Mike: You are still to qualify them, specializes you mention e-commerce so a lot of clients are still e-commerce clients and all that, but sometimes like the motives didn’t align or we didn’t make sure that for example even though the person that we’re talking to was able to make a decision on hiring us or not, there were other stakeholders that we needed to get on board before we all agreed to move forward and work together. And so we weren’t taking those steps to making sure that the kind of clients that definitely affect, I don’t want anyone dreading coming to work on any given day because they have to work for some client. Unfortunately that was happening, and that doesn’t work, that disrupts the entire flow, it doesn’t make the team happy and therefore the triangle fall us apart.

Kelly: Alright so you told me, it’s not just an order it’s the nuances and actually what is in between sort of, if you’re looking at that flow, that chart that we’re gonna have on screen, it’s the connection between what comes first second third or how that all the interdependence or the interrelationship of those things.

Mike: Exactly.

Kelly: So you actually have just started implementing this not that long ago and you’ve been getting some pretty early feedback that’s been positive. Can you share sort of one of those stories or one of the anecdotes from your team?

Mike: Sure. I mean I guess the first thing that comes to mind is just where we had to make some tough decisions and tell clients you know what, this isn’t working out. I mean it’s not that we just gave up. I mean we did our due diligence.

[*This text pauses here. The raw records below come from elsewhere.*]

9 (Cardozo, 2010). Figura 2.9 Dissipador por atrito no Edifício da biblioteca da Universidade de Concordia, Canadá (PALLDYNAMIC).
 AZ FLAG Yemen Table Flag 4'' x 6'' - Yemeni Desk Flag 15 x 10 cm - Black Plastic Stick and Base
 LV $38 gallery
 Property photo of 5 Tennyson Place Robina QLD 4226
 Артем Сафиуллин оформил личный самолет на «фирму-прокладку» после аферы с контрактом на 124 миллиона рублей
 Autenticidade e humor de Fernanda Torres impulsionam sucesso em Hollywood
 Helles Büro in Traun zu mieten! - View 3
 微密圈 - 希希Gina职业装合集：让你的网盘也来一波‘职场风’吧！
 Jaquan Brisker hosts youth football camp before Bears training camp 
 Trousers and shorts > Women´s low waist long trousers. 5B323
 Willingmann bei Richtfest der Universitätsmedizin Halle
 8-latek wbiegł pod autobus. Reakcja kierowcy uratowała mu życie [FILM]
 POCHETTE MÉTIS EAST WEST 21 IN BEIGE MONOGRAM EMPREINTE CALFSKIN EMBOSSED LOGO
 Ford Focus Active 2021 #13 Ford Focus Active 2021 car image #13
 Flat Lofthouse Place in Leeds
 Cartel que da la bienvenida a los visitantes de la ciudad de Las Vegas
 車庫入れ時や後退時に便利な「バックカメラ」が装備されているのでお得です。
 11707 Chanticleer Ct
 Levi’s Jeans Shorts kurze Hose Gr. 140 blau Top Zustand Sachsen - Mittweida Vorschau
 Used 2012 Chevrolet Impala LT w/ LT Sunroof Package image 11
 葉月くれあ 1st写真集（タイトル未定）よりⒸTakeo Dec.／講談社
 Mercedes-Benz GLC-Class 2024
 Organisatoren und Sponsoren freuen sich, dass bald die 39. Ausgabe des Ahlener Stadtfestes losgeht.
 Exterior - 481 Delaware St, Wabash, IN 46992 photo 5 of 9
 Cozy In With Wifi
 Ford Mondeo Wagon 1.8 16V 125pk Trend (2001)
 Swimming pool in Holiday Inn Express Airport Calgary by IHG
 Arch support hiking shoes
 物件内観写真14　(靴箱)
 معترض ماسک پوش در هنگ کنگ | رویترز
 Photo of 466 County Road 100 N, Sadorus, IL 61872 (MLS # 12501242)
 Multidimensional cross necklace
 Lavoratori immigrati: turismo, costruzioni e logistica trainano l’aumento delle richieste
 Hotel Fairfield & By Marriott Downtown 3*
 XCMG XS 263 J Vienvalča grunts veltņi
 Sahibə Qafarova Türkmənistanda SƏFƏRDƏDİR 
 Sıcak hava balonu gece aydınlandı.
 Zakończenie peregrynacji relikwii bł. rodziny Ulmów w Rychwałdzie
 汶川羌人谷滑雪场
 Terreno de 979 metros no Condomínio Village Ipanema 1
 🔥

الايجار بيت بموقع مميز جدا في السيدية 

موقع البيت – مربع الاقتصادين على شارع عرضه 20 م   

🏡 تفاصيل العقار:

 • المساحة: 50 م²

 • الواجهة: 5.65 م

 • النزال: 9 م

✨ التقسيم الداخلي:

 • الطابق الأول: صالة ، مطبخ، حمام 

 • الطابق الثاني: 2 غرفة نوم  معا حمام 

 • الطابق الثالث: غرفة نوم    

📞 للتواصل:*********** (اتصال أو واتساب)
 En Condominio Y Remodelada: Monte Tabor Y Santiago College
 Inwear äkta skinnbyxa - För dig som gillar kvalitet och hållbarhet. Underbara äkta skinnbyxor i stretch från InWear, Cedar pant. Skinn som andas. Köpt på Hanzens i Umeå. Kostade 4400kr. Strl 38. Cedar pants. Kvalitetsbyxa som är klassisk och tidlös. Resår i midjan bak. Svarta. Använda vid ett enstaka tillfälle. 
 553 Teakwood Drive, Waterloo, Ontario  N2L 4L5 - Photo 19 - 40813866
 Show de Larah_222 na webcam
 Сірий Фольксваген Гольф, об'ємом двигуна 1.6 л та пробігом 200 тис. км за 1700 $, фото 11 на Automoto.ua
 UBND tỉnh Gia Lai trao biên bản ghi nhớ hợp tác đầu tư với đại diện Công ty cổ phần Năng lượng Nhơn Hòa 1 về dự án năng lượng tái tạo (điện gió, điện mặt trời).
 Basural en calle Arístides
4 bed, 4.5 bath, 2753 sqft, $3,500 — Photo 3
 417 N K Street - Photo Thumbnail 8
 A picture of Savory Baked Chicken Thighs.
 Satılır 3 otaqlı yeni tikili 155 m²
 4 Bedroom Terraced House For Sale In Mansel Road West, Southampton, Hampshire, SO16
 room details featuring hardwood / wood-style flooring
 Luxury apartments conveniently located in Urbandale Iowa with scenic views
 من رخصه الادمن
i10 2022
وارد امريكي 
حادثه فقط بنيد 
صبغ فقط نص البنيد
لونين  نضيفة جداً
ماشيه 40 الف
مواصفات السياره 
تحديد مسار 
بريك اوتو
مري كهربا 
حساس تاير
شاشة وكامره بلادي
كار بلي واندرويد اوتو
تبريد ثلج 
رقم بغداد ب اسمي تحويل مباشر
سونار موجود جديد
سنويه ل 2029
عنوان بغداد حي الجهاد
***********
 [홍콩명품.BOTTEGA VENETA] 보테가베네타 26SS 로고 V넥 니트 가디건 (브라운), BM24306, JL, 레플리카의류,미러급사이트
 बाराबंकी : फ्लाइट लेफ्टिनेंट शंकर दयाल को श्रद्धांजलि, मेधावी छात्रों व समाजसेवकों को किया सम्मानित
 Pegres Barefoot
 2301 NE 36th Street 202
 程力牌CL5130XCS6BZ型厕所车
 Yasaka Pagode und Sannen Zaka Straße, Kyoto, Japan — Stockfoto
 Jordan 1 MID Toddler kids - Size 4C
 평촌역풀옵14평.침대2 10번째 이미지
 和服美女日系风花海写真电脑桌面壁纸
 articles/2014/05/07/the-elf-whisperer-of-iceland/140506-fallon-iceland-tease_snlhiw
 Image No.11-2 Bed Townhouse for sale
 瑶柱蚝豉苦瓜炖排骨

We said look here’s what’s going on, here’s how we see things, here’s what we’ll need to do to continue moving forward coz we need this to work not only for you guys but for us as well and either we can get on the same page and move forward and things will be better or we should just part ways. And so we have parted ways with some clients.

Kelly: Has that been amicable?

Mike: It’s been amicable. There is no hard feelings or anything like that.

Kelly: Do they understand why, or they just thinking oh these guys don’t want to work with us anymore.

Mike: I mean, it’s hard to say. I mean we’re not in their heads. I think some of them definitely understand. It really is dependent on the situation. What I can tell you though is that the staff sees it and they say wow, they really mean what they’re saying with the leaders of Inflow. They are taking huge risks in some cases that they are having really tough conversations. One of my managers when we were talking about a potential client that we needed to kind of have a little bit of talk with the client to try to work it out.

Kelly: Come to Jesus moment?

Mike: Yeah exactly. I love that you let us do this. I don’t let you do it. I require you to do it. Coz if we don’t do it, the whole thing’s not going to work.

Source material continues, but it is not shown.